Discussion in 'Network/Multi-level Marketing' started by Casper, Oct 8, 2008.

  1. Casper

    Casper New Member

    Hey everyone we have heard heaps about Multi-Level Marketing & how hard it can be to make a decent income but are there any Network Marketing business opportunities out there?.
     
  2. mountainmom5

    mountainmom5 Gold Member

    Difference??[​IMG]

    Um... network marketing and getting paid on multi levels of networking, is really one and the same... just different wording.

    Ya gotta network to make a decent income in mlm.[​IMG]
     
  3. alexa

    alexa New Member

    Do you mean Network Marketing companies that aren't MLM?

    There are some, certainly, but not very many.

    The ones that spring to mind, neither of which I'd want to join myself, are LLI (that's Network Marketing but it's not MLM and doesn't pretend to be), and Coastal Vacations (also not MLM, and a lot of people have left it, recently).

    Of course, there aren't any MLM companies that aren't Network Marketing, because MLM companies are by definition (legal and practical), a sub-division of NM companies.

    Apologies if I misunderstood your post and needn't have said all the above, Casper!
     
  4. alexa

    alexa New Member

    mountainmom5: network marketing and getting paid on multi levels of networking, is really one and the same... just different wording.

    No, this is entirely wrong, Viola.

    They're different in law (in every country) and different in reality, too.

    MLM companies have to be registered and licensed as MLM companies in the countries (and/or states) in which they trade. They divide commission payments on sales of their products or services between multiple levels, hence the name.

    There are other, non-MLM network marketing companies, too. They're a different entity. In law and in practice. An example is Liberty League, in which sales of various products are made by and through networks of distributors which are built and supported in exactly the same way as they are in MLM companies, but commissions on sales are not divided between multiple levels.

    Don't assume that because LLI has it's "2-Up" comp plan that that means it's not a network marketing company: that would be quite wrong!

    People who don't understand the legal and registration differences between the two tend to use the terms MLM and NM as if they were interchangeable, but they're completely wrong to do so, as any lawyer who knows this subject, or of course any regulatory agency will confirm. [​IMG]
     
  5. mountainmom5

    mountainmom5 Gold Member

    alexa: Don't assume that because LLI has it's "2-Up" comp plan that that means it's not a network marketing company: that would be quite wrong!

    Thanks Alexa for adding that - my thought frame was in a different direction and you are absolutely correct.
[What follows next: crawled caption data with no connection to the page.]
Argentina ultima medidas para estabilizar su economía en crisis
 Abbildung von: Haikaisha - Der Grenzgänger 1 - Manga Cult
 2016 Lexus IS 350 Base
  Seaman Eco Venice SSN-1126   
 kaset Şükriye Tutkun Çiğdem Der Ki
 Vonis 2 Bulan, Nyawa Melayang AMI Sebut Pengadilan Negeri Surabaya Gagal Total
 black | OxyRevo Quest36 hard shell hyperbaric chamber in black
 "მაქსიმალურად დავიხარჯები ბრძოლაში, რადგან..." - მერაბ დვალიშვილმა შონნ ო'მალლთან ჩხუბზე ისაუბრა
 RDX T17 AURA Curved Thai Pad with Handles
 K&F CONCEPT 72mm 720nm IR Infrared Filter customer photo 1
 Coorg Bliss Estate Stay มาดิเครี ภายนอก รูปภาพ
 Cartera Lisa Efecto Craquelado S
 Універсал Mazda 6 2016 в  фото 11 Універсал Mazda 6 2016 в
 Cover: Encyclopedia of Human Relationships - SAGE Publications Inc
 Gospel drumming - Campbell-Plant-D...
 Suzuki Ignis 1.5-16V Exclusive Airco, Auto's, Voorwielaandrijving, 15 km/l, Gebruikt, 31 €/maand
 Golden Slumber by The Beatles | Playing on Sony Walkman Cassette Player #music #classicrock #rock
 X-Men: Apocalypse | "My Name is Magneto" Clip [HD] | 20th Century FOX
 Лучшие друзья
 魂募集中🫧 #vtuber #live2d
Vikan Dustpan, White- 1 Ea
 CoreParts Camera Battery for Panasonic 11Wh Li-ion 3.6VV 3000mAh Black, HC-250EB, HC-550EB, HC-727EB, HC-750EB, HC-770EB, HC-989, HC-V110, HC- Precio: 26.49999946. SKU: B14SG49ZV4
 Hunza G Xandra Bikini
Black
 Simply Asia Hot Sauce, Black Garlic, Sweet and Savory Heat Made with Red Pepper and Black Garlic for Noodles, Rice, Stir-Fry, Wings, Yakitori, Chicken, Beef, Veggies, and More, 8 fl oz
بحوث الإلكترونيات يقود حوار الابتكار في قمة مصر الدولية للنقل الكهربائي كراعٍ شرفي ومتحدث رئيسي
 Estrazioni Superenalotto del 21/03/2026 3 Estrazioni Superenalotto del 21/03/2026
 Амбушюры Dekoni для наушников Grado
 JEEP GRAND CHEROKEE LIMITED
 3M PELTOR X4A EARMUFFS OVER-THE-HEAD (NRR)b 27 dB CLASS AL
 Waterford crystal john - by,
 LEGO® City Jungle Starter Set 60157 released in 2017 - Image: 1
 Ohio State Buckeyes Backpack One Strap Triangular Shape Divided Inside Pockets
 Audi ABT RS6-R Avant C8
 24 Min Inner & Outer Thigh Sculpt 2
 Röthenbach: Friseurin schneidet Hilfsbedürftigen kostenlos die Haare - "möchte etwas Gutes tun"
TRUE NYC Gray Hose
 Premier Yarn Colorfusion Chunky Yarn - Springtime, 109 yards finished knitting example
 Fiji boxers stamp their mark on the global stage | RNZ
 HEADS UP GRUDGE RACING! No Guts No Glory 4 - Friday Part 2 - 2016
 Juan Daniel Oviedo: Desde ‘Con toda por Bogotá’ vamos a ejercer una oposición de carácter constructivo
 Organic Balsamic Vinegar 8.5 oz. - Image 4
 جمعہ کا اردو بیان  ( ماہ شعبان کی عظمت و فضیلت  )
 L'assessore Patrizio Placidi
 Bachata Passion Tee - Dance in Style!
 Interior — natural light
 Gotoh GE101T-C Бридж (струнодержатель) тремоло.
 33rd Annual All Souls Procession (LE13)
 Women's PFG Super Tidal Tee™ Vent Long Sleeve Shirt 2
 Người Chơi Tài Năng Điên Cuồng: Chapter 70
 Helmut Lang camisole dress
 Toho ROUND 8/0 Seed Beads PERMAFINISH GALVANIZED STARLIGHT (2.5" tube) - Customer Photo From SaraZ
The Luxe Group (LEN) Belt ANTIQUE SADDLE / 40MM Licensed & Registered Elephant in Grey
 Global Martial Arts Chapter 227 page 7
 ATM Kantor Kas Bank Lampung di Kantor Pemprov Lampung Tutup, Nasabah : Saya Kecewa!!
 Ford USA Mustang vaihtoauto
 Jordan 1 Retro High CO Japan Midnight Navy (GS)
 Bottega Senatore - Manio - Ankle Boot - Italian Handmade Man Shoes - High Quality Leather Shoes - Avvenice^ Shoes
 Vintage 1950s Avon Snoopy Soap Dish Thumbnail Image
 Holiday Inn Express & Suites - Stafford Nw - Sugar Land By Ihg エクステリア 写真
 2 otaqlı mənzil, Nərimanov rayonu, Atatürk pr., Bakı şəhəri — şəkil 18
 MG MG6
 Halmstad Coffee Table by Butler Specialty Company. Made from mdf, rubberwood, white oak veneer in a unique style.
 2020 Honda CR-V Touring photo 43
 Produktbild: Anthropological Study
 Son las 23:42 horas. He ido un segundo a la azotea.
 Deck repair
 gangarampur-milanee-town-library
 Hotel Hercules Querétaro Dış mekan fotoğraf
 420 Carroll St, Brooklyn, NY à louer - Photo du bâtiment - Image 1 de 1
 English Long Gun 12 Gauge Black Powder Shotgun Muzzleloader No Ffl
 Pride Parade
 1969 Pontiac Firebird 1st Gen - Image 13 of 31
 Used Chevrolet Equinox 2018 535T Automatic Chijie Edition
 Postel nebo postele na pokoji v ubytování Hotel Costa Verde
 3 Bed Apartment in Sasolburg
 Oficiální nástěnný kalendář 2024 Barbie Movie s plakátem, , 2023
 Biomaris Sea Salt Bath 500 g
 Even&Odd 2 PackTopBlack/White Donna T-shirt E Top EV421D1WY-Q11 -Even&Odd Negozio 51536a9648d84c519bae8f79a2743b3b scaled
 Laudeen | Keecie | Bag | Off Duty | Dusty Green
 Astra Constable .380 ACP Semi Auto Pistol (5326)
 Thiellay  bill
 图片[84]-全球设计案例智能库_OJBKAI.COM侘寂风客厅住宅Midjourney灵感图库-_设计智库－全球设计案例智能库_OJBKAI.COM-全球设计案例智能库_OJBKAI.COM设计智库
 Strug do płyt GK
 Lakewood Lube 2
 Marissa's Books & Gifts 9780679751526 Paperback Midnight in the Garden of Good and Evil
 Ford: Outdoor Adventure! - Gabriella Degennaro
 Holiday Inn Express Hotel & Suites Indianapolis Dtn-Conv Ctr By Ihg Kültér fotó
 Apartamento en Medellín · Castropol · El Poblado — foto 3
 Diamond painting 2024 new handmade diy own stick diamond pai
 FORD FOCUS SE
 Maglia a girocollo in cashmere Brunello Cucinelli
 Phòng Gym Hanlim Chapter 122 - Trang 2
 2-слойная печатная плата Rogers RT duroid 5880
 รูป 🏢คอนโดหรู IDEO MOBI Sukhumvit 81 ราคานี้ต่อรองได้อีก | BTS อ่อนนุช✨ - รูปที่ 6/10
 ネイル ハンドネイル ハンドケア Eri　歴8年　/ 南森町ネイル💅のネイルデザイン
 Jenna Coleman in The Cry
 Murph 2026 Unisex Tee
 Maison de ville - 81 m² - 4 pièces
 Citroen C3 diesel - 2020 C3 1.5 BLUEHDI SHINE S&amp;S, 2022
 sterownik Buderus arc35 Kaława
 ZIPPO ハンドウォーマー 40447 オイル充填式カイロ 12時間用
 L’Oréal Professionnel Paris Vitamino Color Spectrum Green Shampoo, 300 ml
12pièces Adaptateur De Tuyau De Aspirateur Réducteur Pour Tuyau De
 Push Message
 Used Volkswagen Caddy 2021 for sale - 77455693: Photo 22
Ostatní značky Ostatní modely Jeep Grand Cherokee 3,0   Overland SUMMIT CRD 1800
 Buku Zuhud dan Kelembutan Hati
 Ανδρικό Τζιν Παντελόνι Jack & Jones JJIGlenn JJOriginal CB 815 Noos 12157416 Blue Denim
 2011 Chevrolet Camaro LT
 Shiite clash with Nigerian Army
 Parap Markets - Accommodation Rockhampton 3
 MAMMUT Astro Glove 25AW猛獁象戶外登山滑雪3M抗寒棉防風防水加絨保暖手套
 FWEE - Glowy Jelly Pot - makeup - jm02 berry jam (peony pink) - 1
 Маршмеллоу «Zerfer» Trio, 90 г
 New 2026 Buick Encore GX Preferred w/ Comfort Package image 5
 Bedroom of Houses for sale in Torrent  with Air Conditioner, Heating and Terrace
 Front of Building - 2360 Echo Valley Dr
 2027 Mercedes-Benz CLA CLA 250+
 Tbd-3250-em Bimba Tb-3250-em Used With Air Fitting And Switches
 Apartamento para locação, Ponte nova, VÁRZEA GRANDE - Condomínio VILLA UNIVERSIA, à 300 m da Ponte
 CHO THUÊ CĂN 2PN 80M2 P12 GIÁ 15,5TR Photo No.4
Another example of that is Coastal Vacations. They are not mlm, either, but considered network marketing.
     
  6. Jora

    Jora New Member

    I have tried this so called Network Marketing and it's based on the pyramid, which is illegal.

    The difference between a pyramid or a MLM or NETWORK MARKETING is very simple.

    If you have a product then it is not a pyramid and it's legal, but with many of the networks the product is there to make it legal and all concept is a pyramid business.

    I will not get into any of those business any more lost more then 6000$.
     
  7. alexa

    alexa New Member

    Jora: The difference between a pyramid or a MLM or NETWORK MARKETING is very simple.

    If you have a product then it is not a pyramid and it's legal, but with many of the networks the product is there to make it legal and all concept is a pyramid business.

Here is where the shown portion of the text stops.